Rear (North) Elevation
The rear elevation presents three gables, all with moulded bargeboards. The left gable has a pair of small 2/2 sashes — all windows here are flat-headed — set to the right side on both floors, and is abutted at ground floor left by the south gable of a single-storey outbuilding enclosing the east side of the small rear yard. The central gable projects slightly forward from those to either side; it has a small 2/1 sash window at ground floor and a large semicircular-headed 4/8 spoke-headed sash window with leaded and coloured glass at first floor. The right gable is blank and is abutted at ground floor by a one-and-a-half-storey return whose roof and walls are detailed to match the main block. The left cheek of the return, facing the yard, has a plain half door and a 2/2 sash window. The end north gable of the return has a 2/2 sash window to each floor, the ground floor one set to the right. The right elevation of the return is flush with the west front of the main house and has a single segmental-headed sash window with hood and foliated stops, positioned between ground and upper floors.
Outbuildings and Garden
The small rear yard is enclosed by an L-shaped single-storey outbuilding with a pitched natural slate roof and rendered and painted walls. Its left east face is flush with the east elevation of the main house. It has two modern timber windows and a modern door. The base of the L faces north and has a metal-framed window. The right cheek and right gable are blank. The yard-facing south wall has two tongue-and-groove sheeted doors and a 2/2 sash window.

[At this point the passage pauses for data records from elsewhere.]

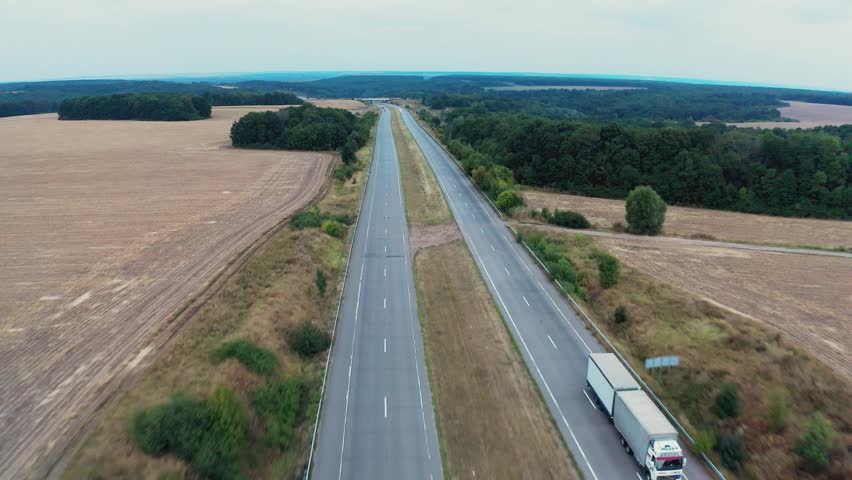 Cars drive on one lane of long road stretching between trees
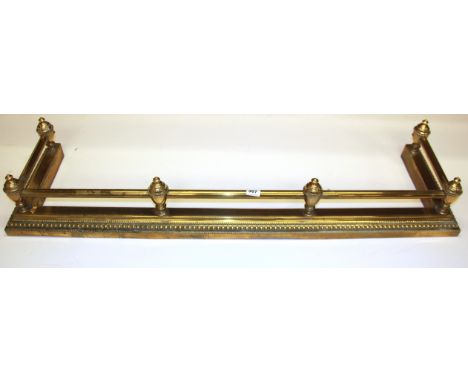 A gilt brass fender, L. 138cm.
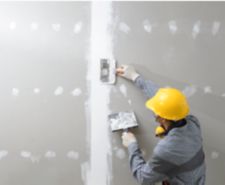 Worker applying plaster to a drywall joint.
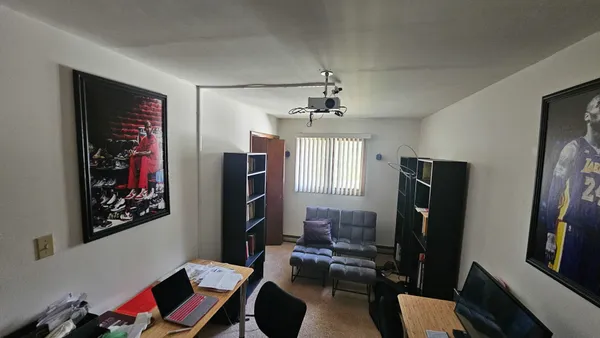 a living room with furniture windows and a flat screen tv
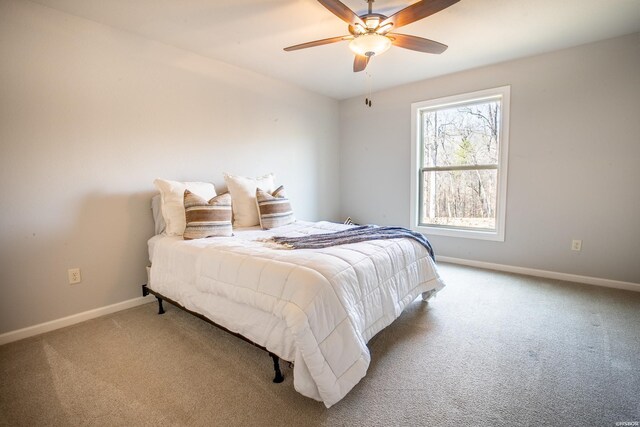 carpeted bedroom featuring a ceiling fan and baseboards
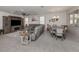 Open concept living and dining area with gray color palette and tile floors at 11601 Parrotfish St, Venice, FL 34292
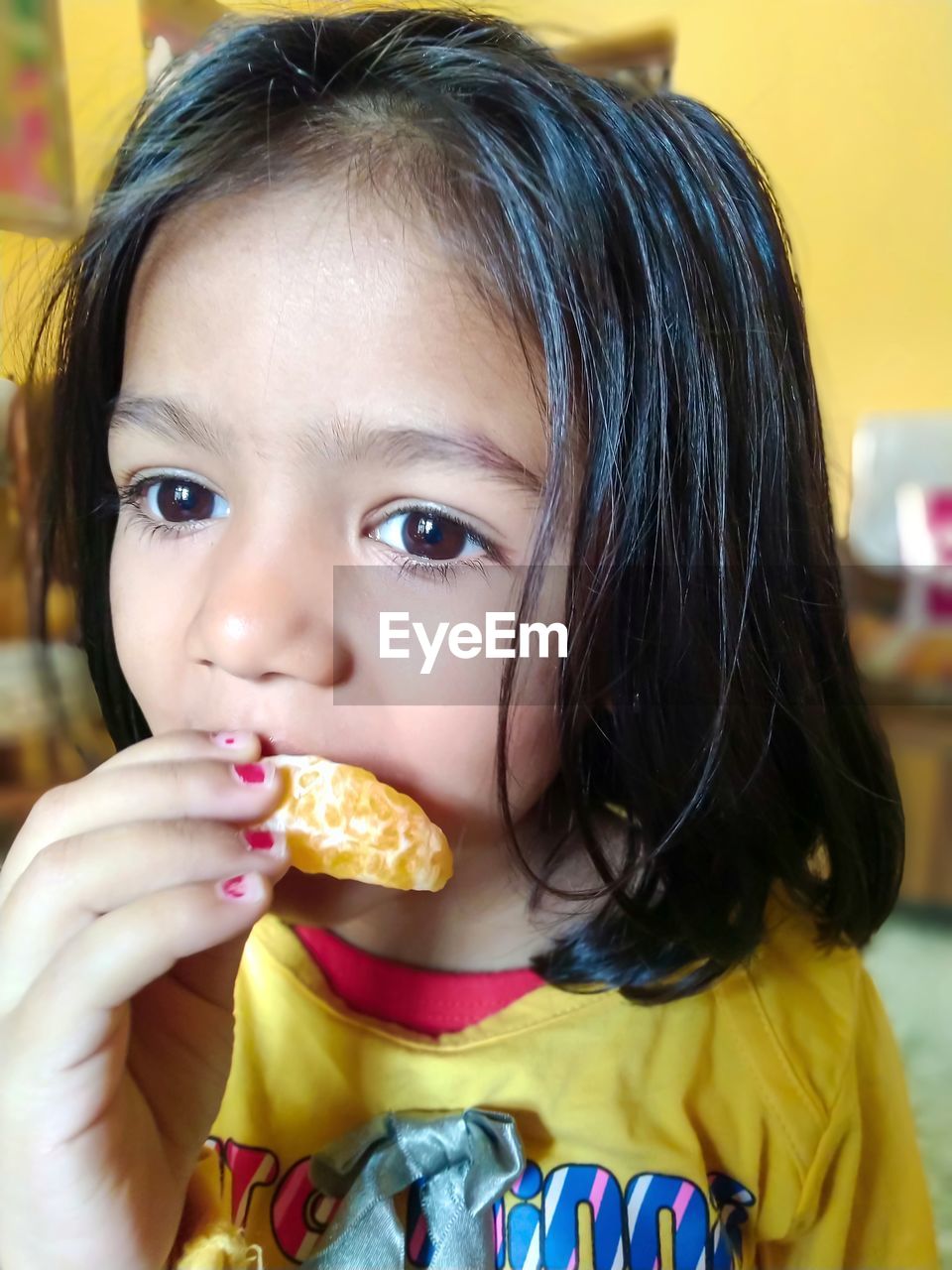 Close-up of innocent girl eating orange fruit at home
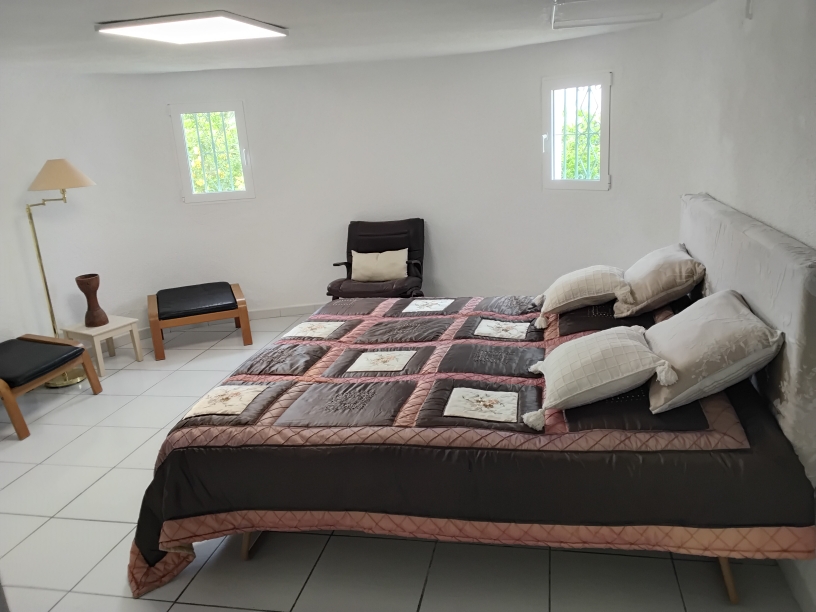 Chambre avec sol en carrelage blanc, lit double et fauteuils d'appoint. Elle dispose de fenêtres avec grilles de sécurité et d'un éclairage par panneau LED intégré au plafond.
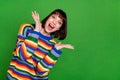 Photo of cheerful nice young woman amazed good mood raise hands palms smile isolated on green color background Royalty Free Stock Photo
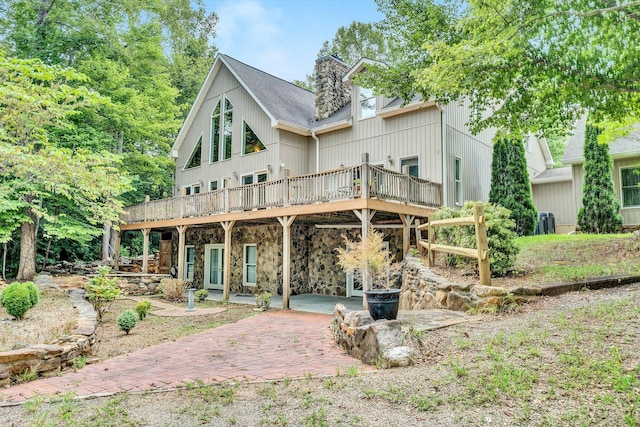 rear view of house featuring a patio, a deck, and central air condition unit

The front garden is medium sized, lawned to the south and east, and enclosed on all sides by stone walling. It is maturely planted with shrubs and trees, with paths around the house and two large Grecian stone urns. In the northeast corner of the garden stands a small timber garden house: an octagonal structure on a solid rounded base with a pitched hexagonal felt roof. Seven of its faces each have two-by-two paned windows with margin panes and six-paned mouth-organ transoms; the remaining face, to the northwest, is open and forms the doorway. Internally it has a timber bench running around seven sides. Just northwest of the house is an underground air raid shelter dating from the Second World War, which was not inspected. To the rear northwest there is a large, much-altered farmyard of no architectural interest, and to the northeast there is a modern open-air swimming pool.
The boundary wall to the road on the west is of rock-faced granite blockwork with rusticated copings. A curved gate screen at the west end of the road boundary is detailed in the same manner, and ashlar granite gate piers carry decorative cast-iron gates — one of which is off its hinges — with spiked dog-bars.
Historical Note
The house first appears in the Valuation Revision book for 1900, at which time it was occupied by Susan Warnock. The farmyard does not appear on the 1901–02 Ordnance Survey map but is shown on the 1919 edition.